I usually just let the comment thread go on its separate way, but let me go ahead and reinforce one point: I didn't mean to(and don't) compare just Longhorn alone to sending a man to the moon, though I was admittedly vague on that point (apologies). I meant to compare Microsoft's entire R&D effort with it -- because on a monetary level, it's actually pretty equivalent. That includes:
An operating system, including several file systems, security system, Web browser, file server, and a shell
A Web server
An Enterprise-scale database engine
An Enterprise-scale email server
An Enterprise-scale e-commerce server
An Enterprise-scale management product
An Enterprise-scale firewall
A speech-application server
Several compilers and a development environment
A word processor
A presentation program
A note-taking application
A desktop database application
A PIM application
Sharepoint (I don't even know how to classify Sharepoint, it does so many things)

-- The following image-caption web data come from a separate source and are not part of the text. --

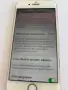 Продавам айфон 8 , снимка 2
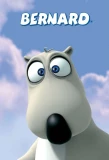 Poster for Bernard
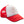 Core Detroit ½ mesh truckers cap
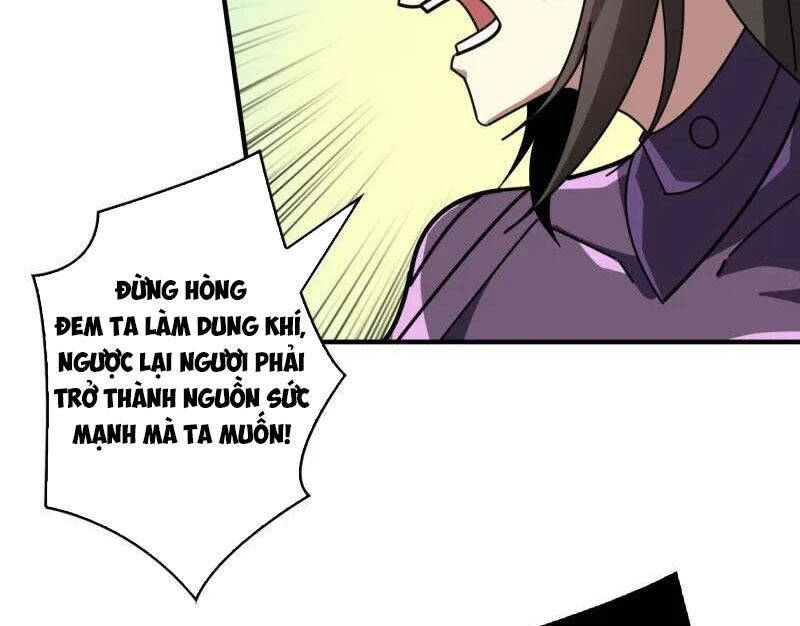 Chương 490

A real-time communications server
A CRM product
An Internet-scale email service
An Internet-scale search engine
An Internet shopping site
An Internet music site
An instant-messaging application and Internet-scale service
A personal-finance application
A digital-photography application
Interactive television software
A game console
Software to run your cell phone
... and about 100 other products. Altogether supporting hundreds of millions of customers around the globe. The breadth and depth of what this company tries to build is stunning. It doesn't always succeed, and perhaps you could partly chalk that up to the Law of Large Numbers. You could also possibly argue that it's spread itself too thin; that's certainly a discussion that occurs frequently both inside and outside the company. But right or wrong, you have to admire the sheer guts and determination to take on building that much software.

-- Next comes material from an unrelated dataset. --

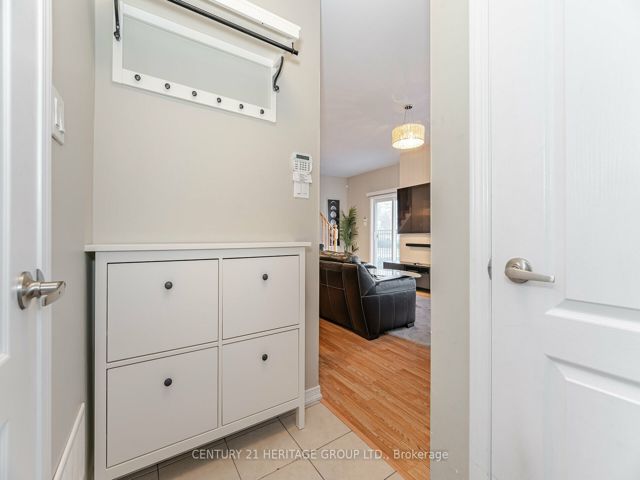 65 - 23 Coneflower Cres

My SPOT watch has more computing power than the Apollo lander had. And like Apple with the Mac, NASA had the advantage of controlling the hardware specification :-) Microsoft, by design, doesn't have that luxury. Sending a man to the moon was an incredibly ambitious, complex, technically sophisticated project. And so is building software in the 21st century, especially if you're building a LOT of it for a LOT of people. You could argue whether Windows alone is a fair comparison (it might still be), but the technical complexities are amazing -- just in different dimensions.
Bottom line: there's a fair comparison to be made here. Now let the real argument begin.